* [PROBLEM STATEMENT]: Please copy the last part of the entries exactly: the line that has "this 600×400 image." and every line up to and including the end, nothing more.

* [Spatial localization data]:
-- -- --
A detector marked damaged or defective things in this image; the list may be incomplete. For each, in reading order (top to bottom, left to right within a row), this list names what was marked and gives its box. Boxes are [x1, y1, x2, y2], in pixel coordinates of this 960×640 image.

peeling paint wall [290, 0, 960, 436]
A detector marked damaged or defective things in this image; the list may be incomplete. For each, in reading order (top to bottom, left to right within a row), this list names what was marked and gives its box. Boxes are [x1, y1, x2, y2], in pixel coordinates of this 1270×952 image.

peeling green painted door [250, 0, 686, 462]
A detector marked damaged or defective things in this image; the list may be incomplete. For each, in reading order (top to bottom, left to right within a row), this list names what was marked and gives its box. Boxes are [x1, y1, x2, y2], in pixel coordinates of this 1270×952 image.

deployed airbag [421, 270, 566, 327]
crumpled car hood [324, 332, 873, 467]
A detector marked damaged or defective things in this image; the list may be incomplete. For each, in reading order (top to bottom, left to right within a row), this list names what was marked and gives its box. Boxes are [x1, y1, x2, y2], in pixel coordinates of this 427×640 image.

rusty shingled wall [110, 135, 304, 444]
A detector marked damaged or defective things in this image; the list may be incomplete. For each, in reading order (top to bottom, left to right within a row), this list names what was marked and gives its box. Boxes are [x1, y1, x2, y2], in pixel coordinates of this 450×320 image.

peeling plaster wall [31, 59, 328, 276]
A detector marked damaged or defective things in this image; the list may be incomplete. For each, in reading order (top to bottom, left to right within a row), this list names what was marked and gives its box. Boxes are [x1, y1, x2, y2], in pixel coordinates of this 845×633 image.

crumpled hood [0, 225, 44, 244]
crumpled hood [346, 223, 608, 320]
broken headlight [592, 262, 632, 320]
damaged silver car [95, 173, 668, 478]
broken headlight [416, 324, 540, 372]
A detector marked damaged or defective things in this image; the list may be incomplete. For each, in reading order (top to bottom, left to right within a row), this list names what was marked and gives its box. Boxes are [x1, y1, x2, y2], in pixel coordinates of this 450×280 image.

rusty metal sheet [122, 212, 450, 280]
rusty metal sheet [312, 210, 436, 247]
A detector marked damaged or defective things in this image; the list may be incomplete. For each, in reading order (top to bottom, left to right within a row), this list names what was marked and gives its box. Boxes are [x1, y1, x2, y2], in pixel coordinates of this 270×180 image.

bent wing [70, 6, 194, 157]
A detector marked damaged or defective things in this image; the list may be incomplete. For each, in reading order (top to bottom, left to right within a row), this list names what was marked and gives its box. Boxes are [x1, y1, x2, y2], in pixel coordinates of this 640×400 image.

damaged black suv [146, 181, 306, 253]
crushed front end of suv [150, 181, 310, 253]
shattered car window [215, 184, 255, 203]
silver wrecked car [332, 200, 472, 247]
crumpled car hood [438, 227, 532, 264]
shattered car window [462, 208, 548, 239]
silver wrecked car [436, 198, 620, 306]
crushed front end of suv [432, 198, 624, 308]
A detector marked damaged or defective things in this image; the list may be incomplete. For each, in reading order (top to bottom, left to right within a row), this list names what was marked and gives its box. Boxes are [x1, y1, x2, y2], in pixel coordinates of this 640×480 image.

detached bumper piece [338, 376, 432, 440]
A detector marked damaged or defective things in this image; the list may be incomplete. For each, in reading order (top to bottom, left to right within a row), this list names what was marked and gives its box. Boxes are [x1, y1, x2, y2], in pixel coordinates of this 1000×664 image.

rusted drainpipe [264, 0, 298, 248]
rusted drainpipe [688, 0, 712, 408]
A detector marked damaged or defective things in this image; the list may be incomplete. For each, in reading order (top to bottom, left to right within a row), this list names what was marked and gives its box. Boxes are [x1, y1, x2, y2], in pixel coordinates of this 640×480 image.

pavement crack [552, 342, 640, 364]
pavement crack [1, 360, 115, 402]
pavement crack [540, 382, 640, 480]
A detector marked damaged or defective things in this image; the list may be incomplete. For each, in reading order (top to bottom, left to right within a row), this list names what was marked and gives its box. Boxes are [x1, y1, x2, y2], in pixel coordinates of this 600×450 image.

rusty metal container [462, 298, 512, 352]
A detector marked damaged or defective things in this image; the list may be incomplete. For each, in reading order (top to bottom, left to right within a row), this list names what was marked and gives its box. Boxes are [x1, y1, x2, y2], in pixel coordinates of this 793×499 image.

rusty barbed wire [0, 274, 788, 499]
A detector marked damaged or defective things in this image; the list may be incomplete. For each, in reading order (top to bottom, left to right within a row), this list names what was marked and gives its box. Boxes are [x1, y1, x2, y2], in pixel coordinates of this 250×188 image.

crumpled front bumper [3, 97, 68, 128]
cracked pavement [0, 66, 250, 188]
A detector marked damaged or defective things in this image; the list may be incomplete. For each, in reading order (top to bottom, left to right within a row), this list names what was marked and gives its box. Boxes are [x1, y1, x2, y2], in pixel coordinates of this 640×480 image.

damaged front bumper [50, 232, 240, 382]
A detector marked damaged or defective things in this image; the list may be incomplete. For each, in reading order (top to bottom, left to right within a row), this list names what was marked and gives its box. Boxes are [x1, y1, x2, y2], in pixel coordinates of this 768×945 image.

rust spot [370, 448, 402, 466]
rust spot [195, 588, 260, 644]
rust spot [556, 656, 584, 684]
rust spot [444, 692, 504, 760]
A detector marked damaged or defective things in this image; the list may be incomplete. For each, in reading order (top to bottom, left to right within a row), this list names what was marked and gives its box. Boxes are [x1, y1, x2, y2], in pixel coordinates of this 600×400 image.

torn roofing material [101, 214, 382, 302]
-- -- --
* [RESPONSE]:
A detector marked damaged or defective things in this image; the list may be incomplete. For each, in reading order (top to bottom, left to right within a row), this list names what was marked and gives its box. Boxes are [x1, y1, x2, y2], in pixel coordinates of this 600×400 image.

torn roofing material [101, 214, 382, 302]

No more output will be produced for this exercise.